• Problem details
In the entries below, find the line with "Washington State 1969 Dealer Plate 0002E" and the line with "2025 Rabbit Fur". Reproduce those two lines and every line between them exactly, and nothing more.

• Material provided
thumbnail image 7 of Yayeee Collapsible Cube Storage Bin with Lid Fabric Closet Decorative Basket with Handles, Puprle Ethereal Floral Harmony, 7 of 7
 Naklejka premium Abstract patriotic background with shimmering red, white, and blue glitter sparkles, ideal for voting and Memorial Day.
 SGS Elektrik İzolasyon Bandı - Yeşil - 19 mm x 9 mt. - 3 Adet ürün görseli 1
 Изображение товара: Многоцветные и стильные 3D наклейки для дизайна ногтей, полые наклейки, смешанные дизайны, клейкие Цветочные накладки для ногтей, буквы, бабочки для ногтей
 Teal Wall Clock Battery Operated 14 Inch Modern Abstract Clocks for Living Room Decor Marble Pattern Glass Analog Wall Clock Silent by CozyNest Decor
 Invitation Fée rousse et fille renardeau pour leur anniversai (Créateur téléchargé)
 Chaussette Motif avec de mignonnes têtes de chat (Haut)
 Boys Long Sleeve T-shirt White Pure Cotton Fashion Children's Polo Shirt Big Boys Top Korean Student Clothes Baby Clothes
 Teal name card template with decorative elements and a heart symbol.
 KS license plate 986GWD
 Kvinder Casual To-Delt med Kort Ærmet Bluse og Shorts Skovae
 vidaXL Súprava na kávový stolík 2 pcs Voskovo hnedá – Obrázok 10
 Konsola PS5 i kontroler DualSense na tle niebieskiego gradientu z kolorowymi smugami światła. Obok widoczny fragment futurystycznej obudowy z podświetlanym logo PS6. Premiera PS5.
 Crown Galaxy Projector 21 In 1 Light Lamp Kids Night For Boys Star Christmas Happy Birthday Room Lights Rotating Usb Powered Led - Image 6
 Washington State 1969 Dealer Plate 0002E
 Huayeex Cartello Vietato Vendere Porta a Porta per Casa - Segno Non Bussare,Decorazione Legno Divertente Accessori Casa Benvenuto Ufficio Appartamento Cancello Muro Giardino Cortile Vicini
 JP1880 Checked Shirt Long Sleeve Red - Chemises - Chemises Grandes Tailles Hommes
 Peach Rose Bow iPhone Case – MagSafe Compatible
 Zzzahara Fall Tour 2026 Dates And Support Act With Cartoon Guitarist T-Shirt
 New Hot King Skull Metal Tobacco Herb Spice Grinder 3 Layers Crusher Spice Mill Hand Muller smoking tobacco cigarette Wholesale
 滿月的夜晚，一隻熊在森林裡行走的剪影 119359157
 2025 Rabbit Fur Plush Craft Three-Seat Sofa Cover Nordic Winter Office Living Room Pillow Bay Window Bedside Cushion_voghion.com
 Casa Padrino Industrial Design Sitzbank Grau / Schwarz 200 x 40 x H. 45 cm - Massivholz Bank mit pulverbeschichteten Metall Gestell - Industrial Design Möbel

• Expected answer
 Washington State 1969 Dealer Plate 0002E
 Huayeex Cartello Vietato Vendere Porta a Porta per Casa - Segno Non Bussare,Decorazione Legno Divertente Accessori Casa Benvenuto Ufficio Appartamento Cancello Muro Giardino Cortile Vicini
 JP1880 Checked Shirt Long Sleeve Red - Chemises - Chemises Grandes Tailles Hommes
 Peach Rose Bow iPhone Case – MagSafe Compatible
 Zzzahara Fall Tour 2026 Dates And Support Act With Cartoon Guitarist T-Shirt
 New Hot King Skull Metal Tobacco Herb Spice Grinder 3 Layers Crusher Spice Mill Hand Muller smoking tobacco cigarette Wholesale
 滿月的夜晚，一隻熊在森林裡行走的剪影 119359157
 2025 Rabbit Fur Plush Craft Three-Seat Sofa Cover Nordic Winter Office Living Room Pillow Bay Window Bedside Cushion_voghion.com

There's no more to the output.